Prefacio a la edición polaca de 1892. ***

El que una nueva edición polaca del Manifiesto Comunista sea necesaria, invita a diferentes reflexiones.

Ante todo conviene señalar que, durante los últimos tiempos, el Manifiesto ha pasado a ser, en cierto modo, un índice del desarrollo de la gran industria en Europa. A medida que en un país se desarrolla la gran industria, se ve crecer entre los obreros de ese país el deseo de comprender su situación, como tal clase obrera, con respecto a la clase de los poseedores; se ve progresar entre ellos el movimiento socialista y aumentar la demanda de ejemplares del Manifiesto. Así, pues, el número de estos ejemplares difundidos en un idioma permite no sólo determinar, con bastante exactitud, la situación del movimiento obrero, sino también el grado de desarrollo de la gran industria en cada país.
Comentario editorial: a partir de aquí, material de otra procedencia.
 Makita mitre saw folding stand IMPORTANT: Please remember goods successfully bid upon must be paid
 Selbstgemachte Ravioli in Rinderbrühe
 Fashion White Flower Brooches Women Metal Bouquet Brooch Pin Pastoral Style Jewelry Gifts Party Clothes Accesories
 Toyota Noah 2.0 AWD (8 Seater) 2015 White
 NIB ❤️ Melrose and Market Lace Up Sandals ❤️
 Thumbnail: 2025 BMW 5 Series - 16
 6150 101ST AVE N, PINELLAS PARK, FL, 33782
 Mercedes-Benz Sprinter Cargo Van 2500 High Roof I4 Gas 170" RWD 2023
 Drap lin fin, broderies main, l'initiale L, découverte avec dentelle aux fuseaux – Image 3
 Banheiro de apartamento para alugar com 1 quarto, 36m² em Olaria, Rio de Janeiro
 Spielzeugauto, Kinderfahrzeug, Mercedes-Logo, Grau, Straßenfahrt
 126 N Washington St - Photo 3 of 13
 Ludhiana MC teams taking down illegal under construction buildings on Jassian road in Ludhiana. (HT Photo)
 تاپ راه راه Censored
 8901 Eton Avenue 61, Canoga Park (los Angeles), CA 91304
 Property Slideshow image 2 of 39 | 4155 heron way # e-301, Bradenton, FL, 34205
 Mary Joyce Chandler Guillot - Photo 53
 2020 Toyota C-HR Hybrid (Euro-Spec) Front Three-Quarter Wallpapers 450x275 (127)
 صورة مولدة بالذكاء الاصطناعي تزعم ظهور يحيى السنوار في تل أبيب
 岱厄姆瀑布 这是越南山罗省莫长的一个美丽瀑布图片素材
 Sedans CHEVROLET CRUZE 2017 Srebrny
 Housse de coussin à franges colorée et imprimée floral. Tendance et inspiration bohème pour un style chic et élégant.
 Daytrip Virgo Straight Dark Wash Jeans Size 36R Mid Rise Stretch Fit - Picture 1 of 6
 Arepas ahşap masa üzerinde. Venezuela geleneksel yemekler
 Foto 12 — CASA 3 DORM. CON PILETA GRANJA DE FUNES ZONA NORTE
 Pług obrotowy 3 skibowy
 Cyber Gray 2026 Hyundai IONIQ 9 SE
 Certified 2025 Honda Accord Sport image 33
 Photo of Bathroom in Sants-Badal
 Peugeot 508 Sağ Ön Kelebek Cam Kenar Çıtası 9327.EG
Por eso la nueva edición polaca del Manifiesto indica el decisivo progreso de la industria de Polonia. No hay duda que tal desarrollo ha tenido lugar realmente en los diez años transcurridos desde la última edición. La Polonia Rusa, la del Congreso [6], ha pasado a ser una región industrial del Imperio Ruso. Mientras la gran industria rusa se halla dispersa –una parte se encuentra en la costa del Golfo de Finlandia, otra en las provincias del centro (Moscú y Vladímir), otra en los litorales del Mar Negro y del Mar de Azov, etc.–, la industria polaca está concentrada en una extensión relativamente pequeña y goza de todas las ventajas e inconvenientes de tal concentración. Las ventajas las reconocen los fabricantes rusos, sus competidores, al reclamar aranceles protectores contra Polonia, a pesar de su ferviente deseo de rusificar a los polacos. Los inconvenientes –para los fabricantes polacos y para el gobierno ruso– residen en la rápida difusión de las ideas socialistas entre los obreros polacos y en la progresiva demanda del Manifiesto.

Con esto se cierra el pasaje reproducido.